───── RAW DATA ─────

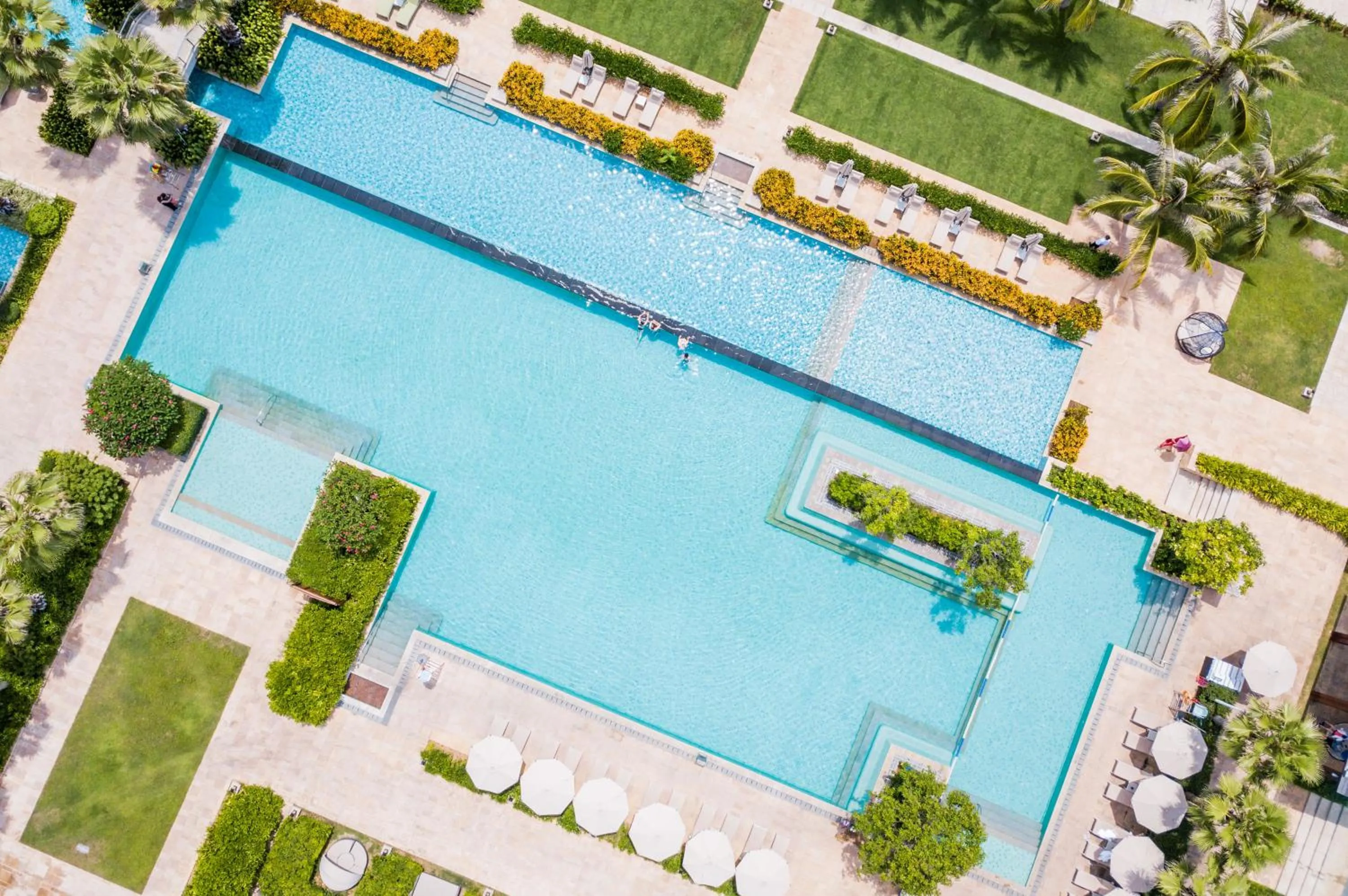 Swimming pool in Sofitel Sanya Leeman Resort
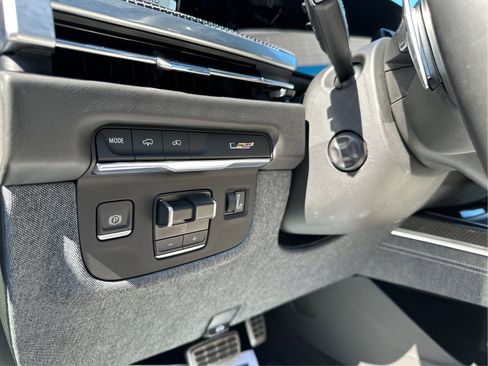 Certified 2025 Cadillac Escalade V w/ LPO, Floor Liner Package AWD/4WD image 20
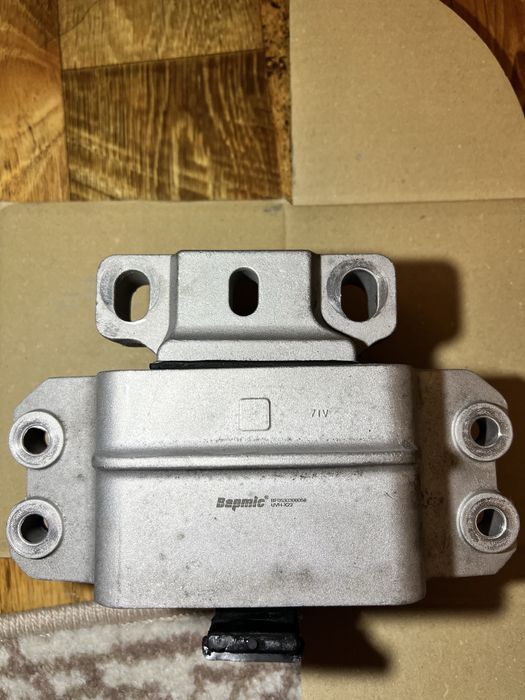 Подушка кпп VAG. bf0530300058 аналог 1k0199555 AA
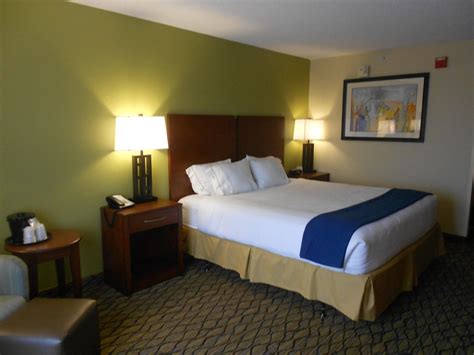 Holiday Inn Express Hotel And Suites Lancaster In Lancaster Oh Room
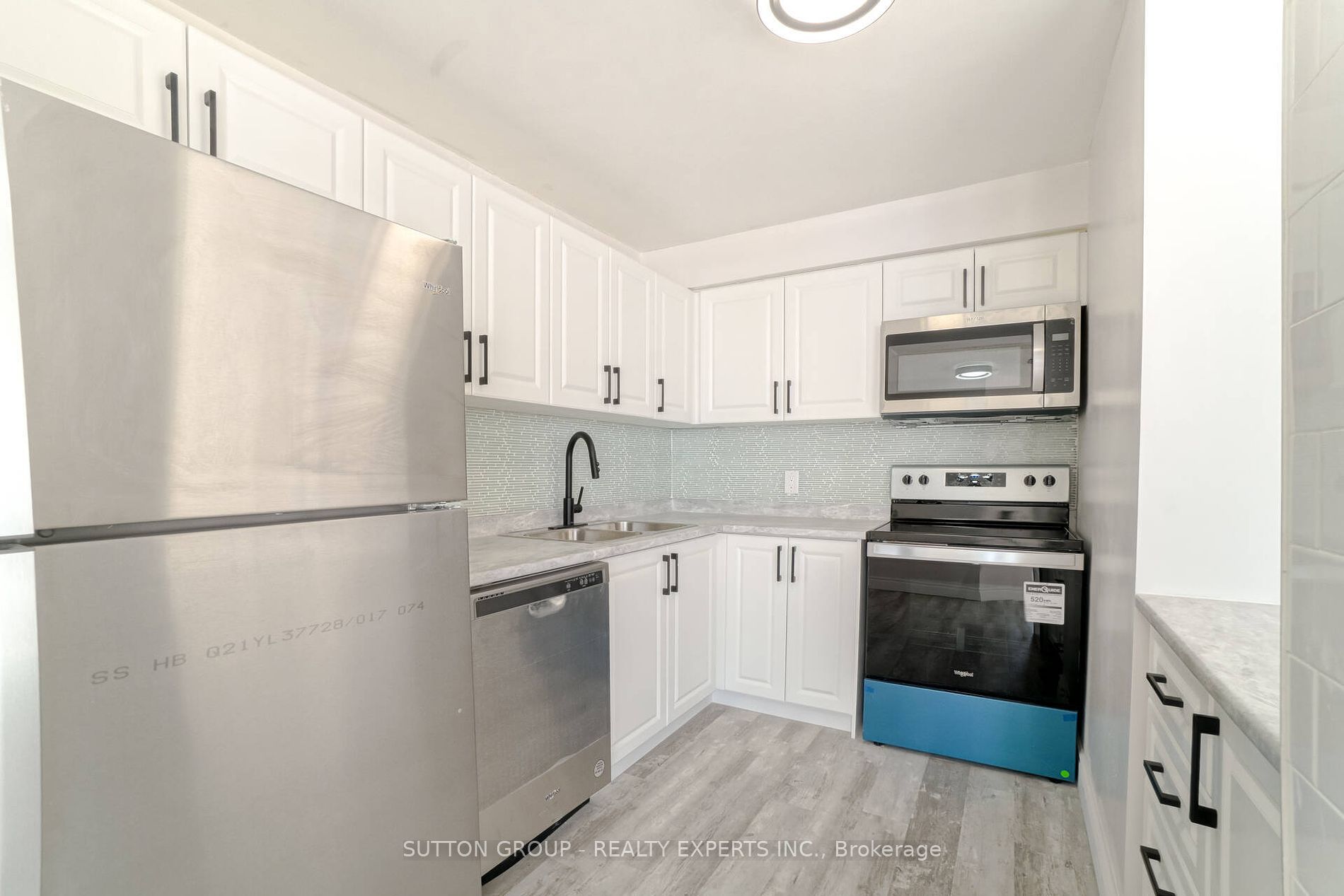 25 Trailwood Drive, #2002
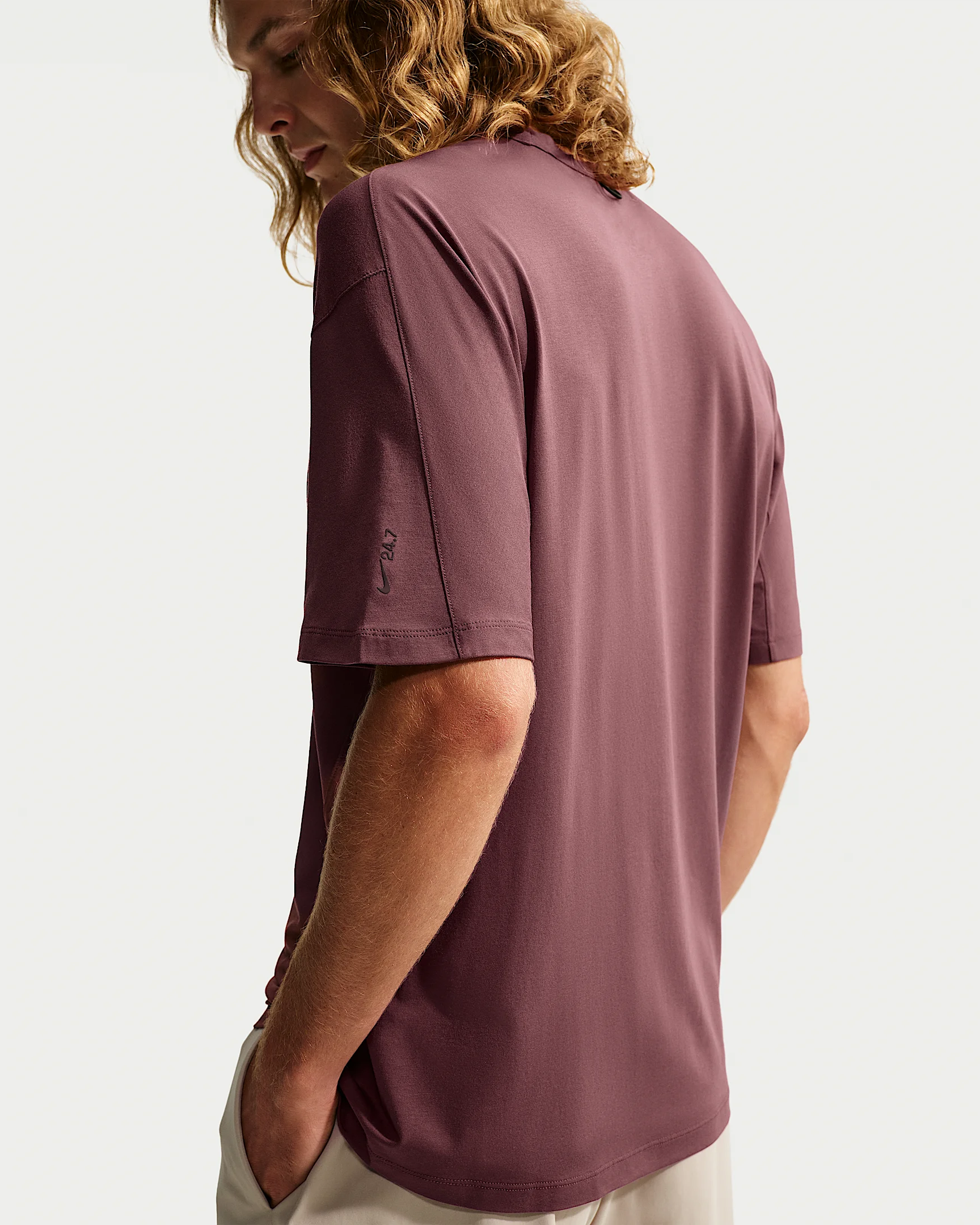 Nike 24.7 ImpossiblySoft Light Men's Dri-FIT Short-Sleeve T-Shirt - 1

─────

• [YOUR ASSIGNMENT] Write out, exactly as they stand, the line with "Подушка кпп VAG." and every line after it through the end of the entries above; omit the pictures.

• [SOLUTION FOR THIS EXERCISE]
 Подушка кпп VAG. bf0530300058 аналог 1k0199555 AA
 Holiday Inn Express Hotel And Suites Lancaster In Lancaster Oh Room
 25 Trailwood Drive, #2002
 Nike 24.7 ImpossiblySoft Light Men's Dri-FIT Short-Sleeve T-Shirt - 1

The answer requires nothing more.